## What needs to be done
Keeping pictures out of the copy, restate each record word for word.

(Web page caption snippets)
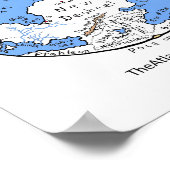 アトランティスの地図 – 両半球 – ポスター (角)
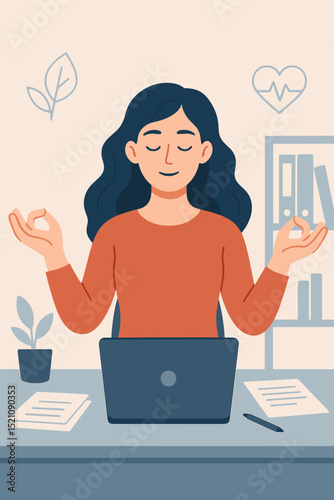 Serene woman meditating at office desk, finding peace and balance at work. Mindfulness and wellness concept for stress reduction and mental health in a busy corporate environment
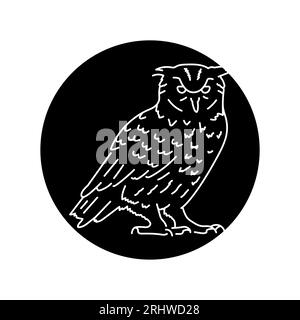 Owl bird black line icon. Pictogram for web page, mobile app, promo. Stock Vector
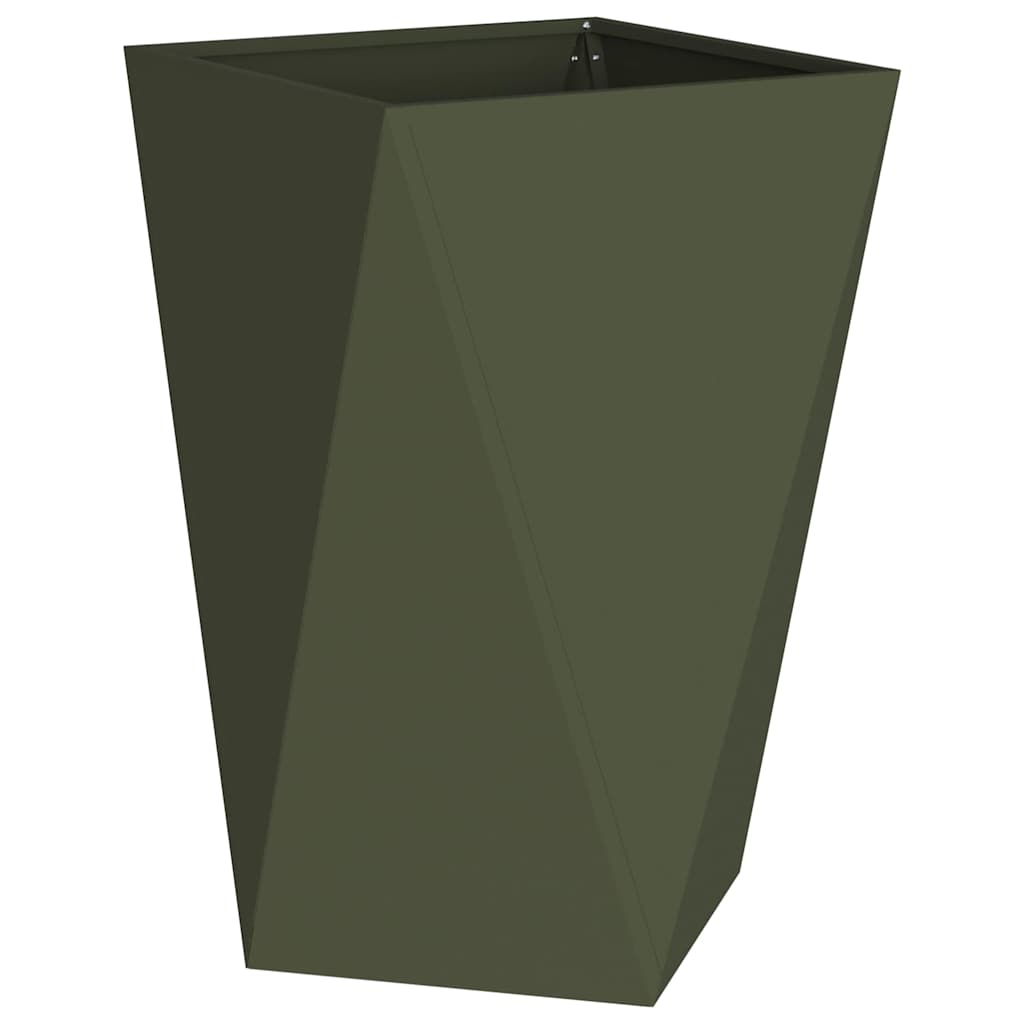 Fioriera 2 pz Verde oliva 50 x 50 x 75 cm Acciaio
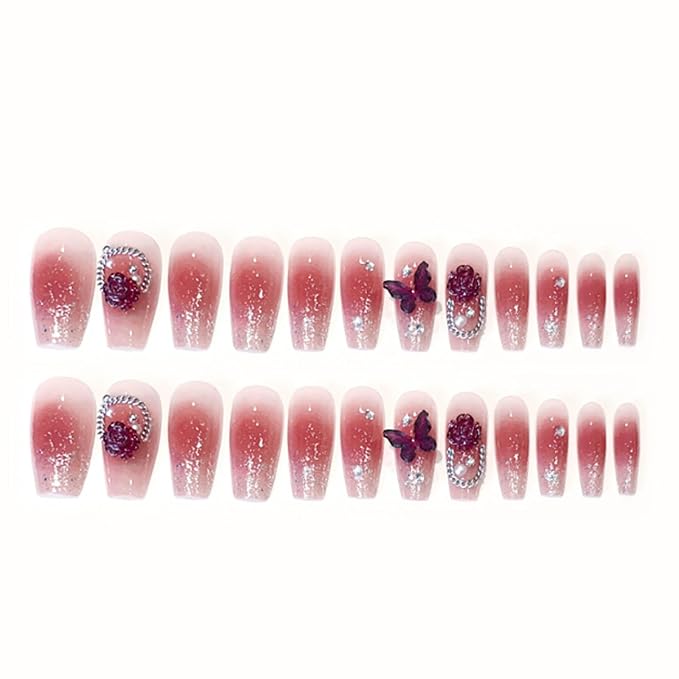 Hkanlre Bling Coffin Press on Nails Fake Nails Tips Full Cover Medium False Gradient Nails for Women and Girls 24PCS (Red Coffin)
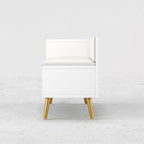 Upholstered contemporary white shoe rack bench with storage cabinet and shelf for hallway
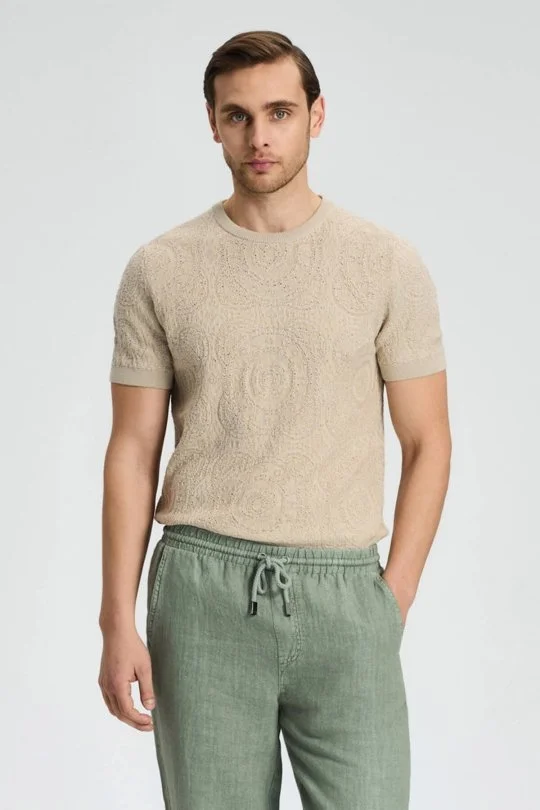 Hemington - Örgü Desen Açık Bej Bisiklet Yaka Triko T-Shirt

## Solved problem
 アトランティスの地図 – 両半球 – ポスター (角)
 Serene woman meditating at office desk, finding peace and balance at work. Mindfulness and wellness concept for stress reduction and mental health in a busy corporate environment
 Owl bird black line icon. Pictogram for web page, mobile app, promo. Stock Vector
 Fioriera 2 pz Verde oliva 50 x 50 x 75 cm Acciaio
 Hkanlre Bling Coffin Press on Nails Fake Nails Tips Full Cover Medium False Gradient Nails for Women and Girls 24PCS (Red Coffin)
 Upholstered contemporary white shoe rack bench with storage cabinet and shelf for hallway
 Hemington - Örgü Desen Açık Bej Bisiklet Yaka Triko T-Shirt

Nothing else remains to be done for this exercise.